永遠なる昨日的なもの

冷静になってみると「なぜ?こんなことを今もやっているのだろう?」と不思議に思うことがあります。例えば大物政治家への登竜門といわれている「議事進行係」が「ぎちょー!」と叫ぶ雄たけびなんかがそうです。

伝統主義

ドイツの政治学者・社会学者・経済学者のマックス・ヴェーバーは、ゲーテの「永遠なる女性的なもの」をもじって、伝統主義を「永遠なる昨日的なもの」(das ewig Gestrige)と表現しました。永遠なる昨日的なものとはなんでしょうか?

日本のマックス・ヴェーバー研究の第一人者である故・大塚久雄東京大学教授は、こんな風に説明しています。

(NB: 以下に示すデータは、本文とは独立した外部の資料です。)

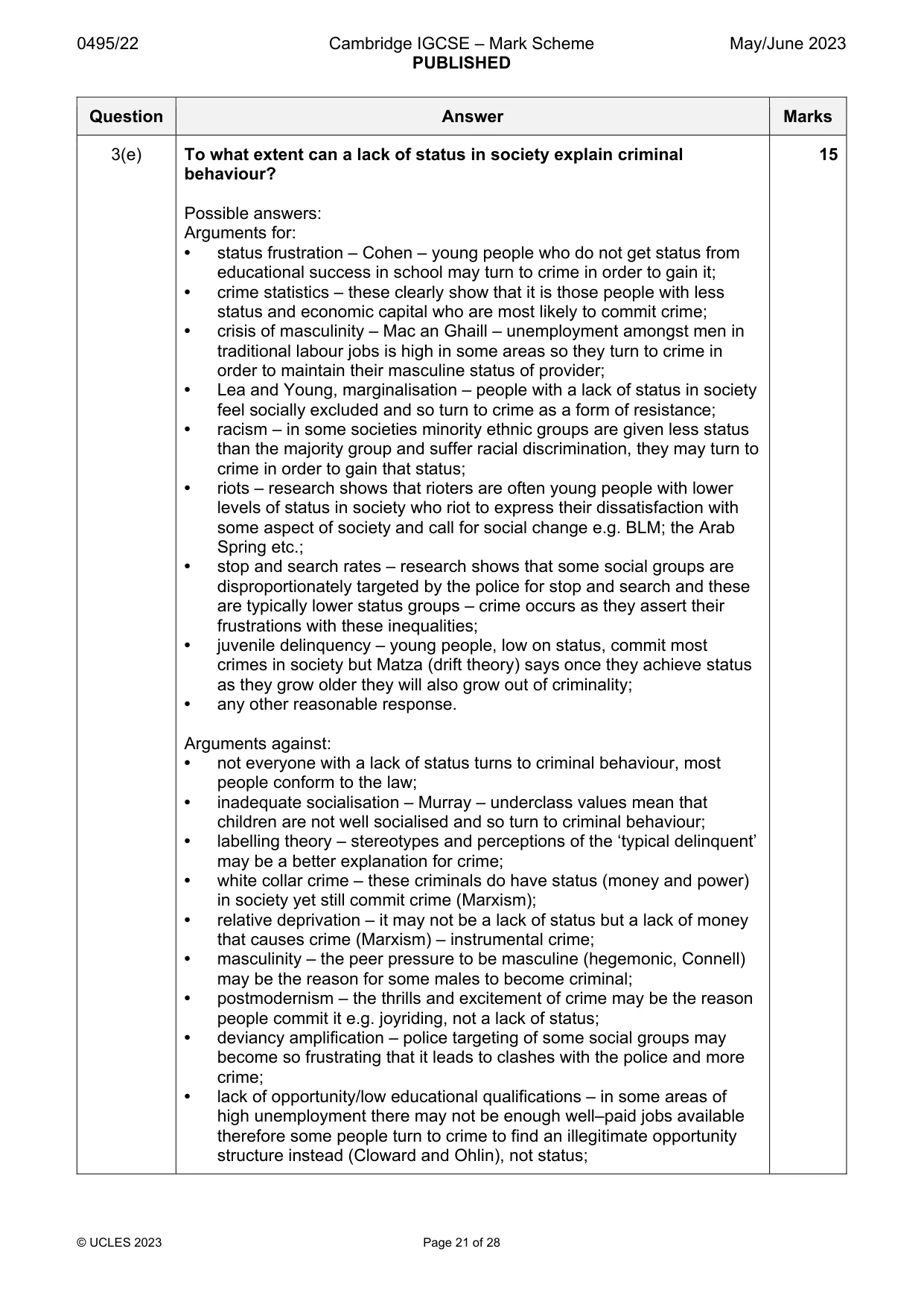 Mark scheme, page 21 of 28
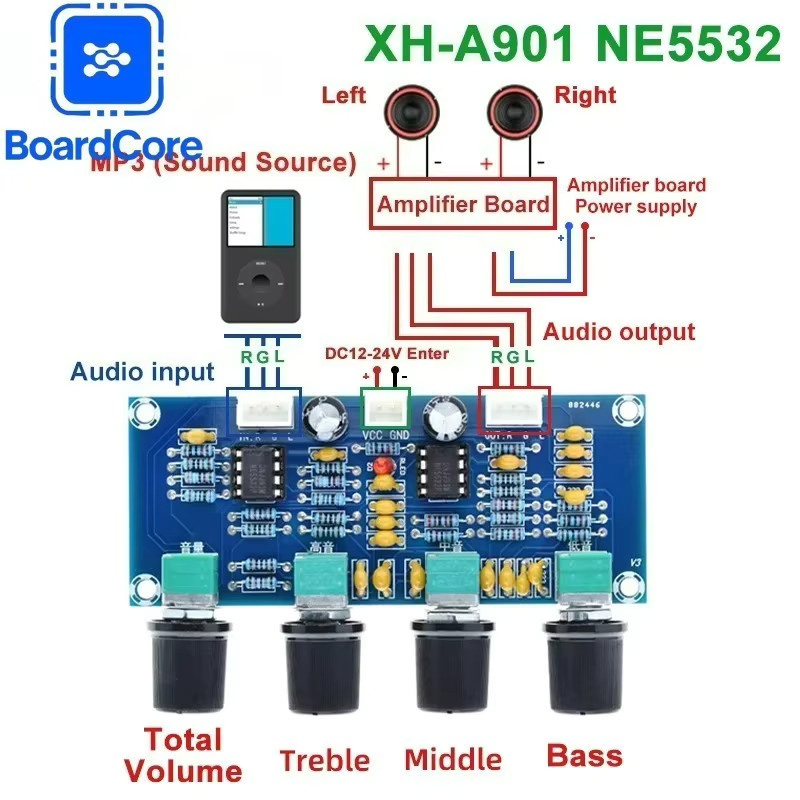 YTDMEN XH-A901 Vorverstärker mit Höhenbass- und Lautstärkeregelung NE5532 Tone Board in Blau - Bild 2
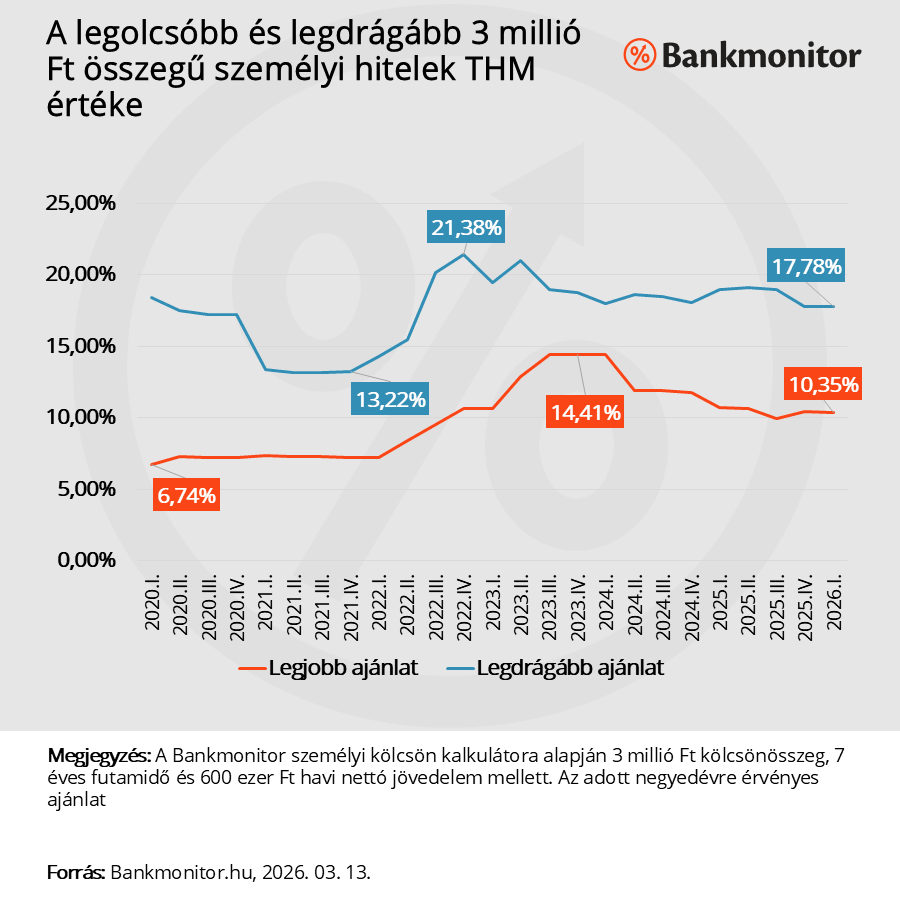 A legolcsóbb és a legdrágább 3 millió Ft összegű személyi hitelek THM értéke
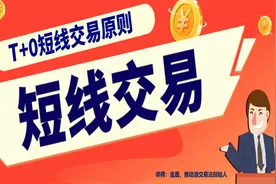 短线交易T+0的三个要求：快、准、狠！视频封面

先祖や父母たちがやってきた、そして、自分たちも今までずっとやってきた、そういうことがらを、過去にやった、あるいは過去に行われたという、ただそのことだけで、将来における自分たちの行動の基準にしようとする倫理、あるいはエートスです。

【出典:社会科学における人間

近代人の行動

伝統主義をうち破ったことで、近代という時代がはじまりました。とするなら伝統主義をうち破れない国会議員は近代人ではないし、もし昨日の自分からオサラバできない人がいるのだとすればその人は近代人というよりも中世人です。

しかしそもそもなぜ、冷静になれば「なくてもいい」、「やらなくてもいい」はずのことを、実際にはやめられないのでしょうか?その答えは「わたしたちは皆、過去に生きているから」です。

前回の講義の内容を思い出して下さい。RASの働きのパターンをつくるのは情動記憶でした。そう。記憶なのです。記憶がRASの働きのパターンをつくる以上、わたしたちは過去に生きているのです。

自動販売機

私の住む家の近所には自動販売機が置かれています。ある日、自動販売機の台数が変わりました。家族は誰もそのことに気づいていませんでした。

また別のある日、自動販売機の商品ラインナップからウィルキンソンの炭酸が姿を消したのですが、家族の誰もそのことに気づいていませんでした。

あなたにも、近所の繁華街の一画にある建物が取り壊されているのを目の当たりにして、「この建物以前は、何屋さんが入居してたっけ?」と疑問に感じた経験はありませんか?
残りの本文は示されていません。